The use of VNS paired with rehabilitation has recently been approved by the US FDA for the treatment of chronic upper-limb deficits after ischaemic stroke. A recent randomised, phase 3 trial showed that this technique led to improvements in upper-extremity impairment and function in people with moderate-to-severe arm weakness an average of three years after ischaemic stroke. A clinically meaningful response—defined as an improvement greater than or equal to six points on the Fugl-Meyer assessment, upper limb (FMA-UE)—was seen in approximately half of people treated with VNS compared to approximately a quarter of people treated with rehabilitation alone.
However, several questions regarding implementation of the technique in clinical services remain. These include whether the technique is of use for people with intracerebral haemorrhage (ICH) or in people with the most severe arm weakness. And, cost-effectiveness data are also lacking. In addition, high-quality randomised studies of non-invasive VNS are needed.
So far, trials of TMS- and tDCS-based approaches in stroke rehabilitation have not demonstrated improved clinical outcomes, despite promising experimental evidence showing effects on plasticity and learning. Pharyngeal electrical stimulation may improve symptoms of dysphagia and facilitate decannulation following tracheostomy. This will now be studied further in wider groups of patients in large clinical trials.

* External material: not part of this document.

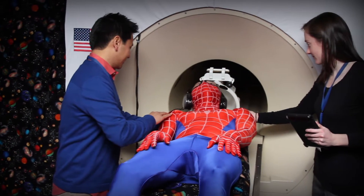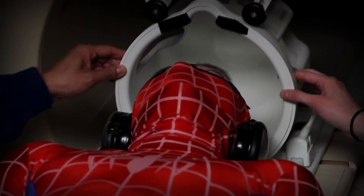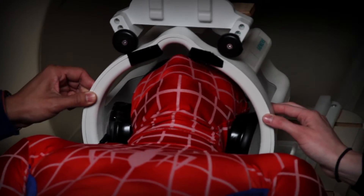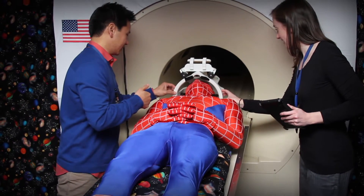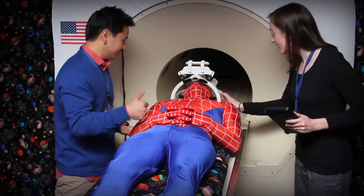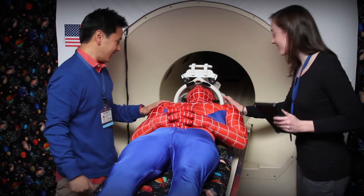You are now almost ready for takeoff, but you are missing a very important piece of your astronaut gear — your space helmet. When you are lying down with your headphones on, you will put a space helmet over your head. The helmet has a mirror so you can watch one of your favorite movies.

A further, very promising technique is the use of sphenopalatine ganglion stimulation. The sphenopalatine ganglion is a large parasympathetic ganglion, located in the pterygopalatine fossa, posterior to the middle turbinate. Post-ganglionic parasympathetic fibres travel with the trigeminal nerve to provide vasomotor input to the anterior circulation, including meningeal and dural vessels. Sphenopalatine ganglion stimulation therefore aims to enhance collateral blood flow in the anterior intracerebral circulation. Post hoc analyses from a large trial suggest this may improve functional outcome in people with cortical ischaemic stroke who do not receive thrombolytic therapy and who receive the optimal amount of stimulation.

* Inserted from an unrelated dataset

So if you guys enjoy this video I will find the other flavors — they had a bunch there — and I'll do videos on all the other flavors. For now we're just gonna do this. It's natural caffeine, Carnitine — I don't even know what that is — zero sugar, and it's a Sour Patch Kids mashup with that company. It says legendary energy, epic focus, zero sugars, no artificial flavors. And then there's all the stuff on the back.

In summary, this is a really interesting and exciting area, with one technique already approved by a major regulatory body. There is still much to learn about how to optimise these techniques both in terms of their use, such as stimulation parameters, and of course patient selection. I am very confident, however, that further breakthroughs will happen in the coming years.
Jesse Dawson is a professor of Stroke Medicine at the Institute of Cardiovascular and Medical Sciences, and associate at the School of Medicine, Dentistry and Nursing, at the University of Glasgow in Glasgow, UK. He is also a consultant physician in the Queen Elizabeth University Hospital, the clinical lead for the Scottish Stroke Research Network, and chaired the 2021 European Stroke Organisation Conference (ESOC).
DISCLOSURES: Dawson was a principal investigator for the VNS-REHAB study—a randomised, blinded, pivotal device trial evaluating the Vivistim system (MicroTransponder).